● Try it:
The lines from the one with "Interior space featuring" through the last line below are to be copied exactly; no other lines are to be returned.

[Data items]
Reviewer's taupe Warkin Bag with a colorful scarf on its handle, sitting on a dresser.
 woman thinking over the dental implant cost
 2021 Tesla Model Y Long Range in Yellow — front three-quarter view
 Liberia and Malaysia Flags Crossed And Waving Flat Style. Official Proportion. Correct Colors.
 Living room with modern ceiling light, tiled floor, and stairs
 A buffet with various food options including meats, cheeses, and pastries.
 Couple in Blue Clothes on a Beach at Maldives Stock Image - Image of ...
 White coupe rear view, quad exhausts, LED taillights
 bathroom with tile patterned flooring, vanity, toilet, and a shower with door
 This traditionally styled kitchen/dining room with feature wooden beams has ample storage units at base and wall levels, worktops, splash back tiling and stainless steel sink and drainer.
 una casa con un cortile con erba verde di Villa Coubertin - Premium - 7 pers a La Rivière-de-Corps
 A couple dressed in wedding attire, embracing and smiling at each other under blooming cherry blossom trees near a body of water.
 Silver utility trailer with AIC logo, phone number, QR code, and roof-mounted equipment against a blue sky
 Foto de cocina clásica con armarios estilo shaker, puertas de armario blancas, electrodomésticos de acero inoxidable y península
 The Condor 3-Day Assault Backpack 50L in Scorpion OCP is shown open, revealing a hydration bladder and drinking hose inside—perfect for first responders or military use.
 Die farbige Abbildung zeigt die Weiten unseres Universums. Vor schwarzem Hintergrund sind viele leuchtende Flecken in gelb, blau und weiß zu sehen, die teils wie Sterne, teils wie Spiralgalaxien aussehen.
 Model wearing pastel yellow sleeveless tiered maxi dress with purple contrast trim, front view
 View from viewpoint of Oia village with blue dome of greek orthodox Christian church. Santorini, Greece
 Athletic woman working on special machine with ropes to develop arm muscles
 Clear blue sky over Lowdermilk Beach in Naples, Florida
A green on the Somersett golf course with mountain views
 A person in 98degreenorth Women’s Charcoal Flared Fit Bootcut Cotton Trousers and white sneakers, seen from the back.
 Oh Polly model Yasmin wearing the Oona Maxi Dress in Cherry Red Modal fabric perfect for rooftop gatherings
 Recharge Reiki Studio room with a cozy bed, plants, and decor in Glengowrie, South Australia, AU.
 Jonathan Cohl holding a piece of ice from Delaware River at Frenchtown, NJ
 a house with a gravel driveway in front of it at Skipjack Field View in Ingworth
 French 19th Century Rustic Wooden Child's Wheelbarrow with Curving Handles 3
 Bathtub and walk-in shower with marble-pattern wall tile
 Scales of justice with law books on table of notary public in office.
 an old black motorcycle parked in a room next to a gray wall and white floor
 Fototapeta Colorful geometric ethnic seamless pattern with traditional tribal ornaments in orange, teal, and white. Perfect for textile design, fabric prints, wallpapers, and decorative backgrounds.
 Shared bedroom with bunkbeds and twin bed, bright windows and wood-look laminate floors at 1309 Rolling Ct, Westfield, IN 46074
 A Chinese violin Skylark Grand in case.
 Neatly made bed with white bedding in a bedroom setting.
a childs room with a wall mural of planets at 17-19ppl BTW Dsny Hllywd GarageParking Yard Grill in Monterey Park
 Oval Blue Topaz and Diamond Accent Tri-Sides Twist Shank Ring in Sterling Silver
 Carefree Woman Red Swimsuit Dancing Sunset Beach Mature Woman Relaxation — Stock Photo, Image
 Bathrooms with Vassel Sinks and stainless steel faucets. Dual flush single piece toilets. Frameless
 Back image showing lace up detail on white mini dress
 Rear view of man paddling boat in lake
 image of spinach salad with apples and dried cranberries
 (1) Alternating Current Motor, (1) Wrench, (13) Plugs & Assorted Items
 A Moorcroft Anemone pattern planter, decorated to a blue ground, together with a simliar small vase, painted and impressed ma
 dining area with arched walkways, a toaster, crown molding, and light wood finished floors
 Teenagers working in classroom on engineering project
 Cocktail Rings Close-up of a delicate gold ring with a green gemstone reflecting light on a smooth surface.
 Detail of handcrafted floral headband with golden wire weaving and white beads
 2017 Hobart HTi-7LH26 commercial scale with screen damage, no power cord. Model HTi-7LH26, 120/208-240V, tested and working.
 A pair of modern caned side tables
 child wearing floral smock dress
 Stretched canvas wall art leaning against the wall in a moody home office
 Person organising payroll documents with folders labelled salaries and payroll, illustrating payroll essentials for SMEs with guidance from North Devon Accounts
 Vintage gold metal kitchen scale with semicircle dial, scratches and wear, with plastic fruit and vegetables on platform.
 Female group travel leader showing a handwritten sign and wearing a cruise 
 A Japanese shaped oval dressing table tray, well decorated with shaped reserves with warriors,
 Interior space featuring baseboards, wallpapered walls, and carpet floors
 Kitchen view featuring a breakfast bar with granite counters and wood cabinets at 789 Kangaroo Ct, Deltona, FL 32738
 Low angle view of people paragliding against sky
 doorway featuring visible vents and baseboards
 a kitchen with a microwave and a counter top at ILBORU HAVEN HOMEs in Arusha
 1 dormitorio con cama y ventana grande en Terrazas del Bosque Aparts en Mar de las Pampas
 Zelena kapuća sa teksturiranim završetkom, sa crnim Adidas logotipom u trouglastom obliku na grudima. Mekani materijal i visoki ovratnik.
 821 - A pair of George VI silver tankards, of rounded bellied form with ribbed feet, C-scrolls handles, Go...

● Task output:
 Interior space featuring baseboards, wallpapered walls, and carpet floors
 Kitchen view featuring a breakfast bar with granite counters and wood cabinets at 789 Kangaroo Ct, Deltona, FL 32738
 Low angle view of people paragliding against sky
 doorway featuring visible vents and baseboards
 a kitchen with a microwave and a counter top at ILBORU HAVEN HOMEs in Arusha
 1 dormitorio con cama y ventana grande en Terrazas del Bosque Aparts en Mar de las Pampas
 Zelena kapuća sa teksturiranim završetkom, sa crnim Adidas logotipom u trouglastom obliku na grudima. Mekani materijal i visoki ovratnik.
 821 - A pair of George VI silver tankards, of rounded bellied form with ribbed feet, C-scrolls handles, Go...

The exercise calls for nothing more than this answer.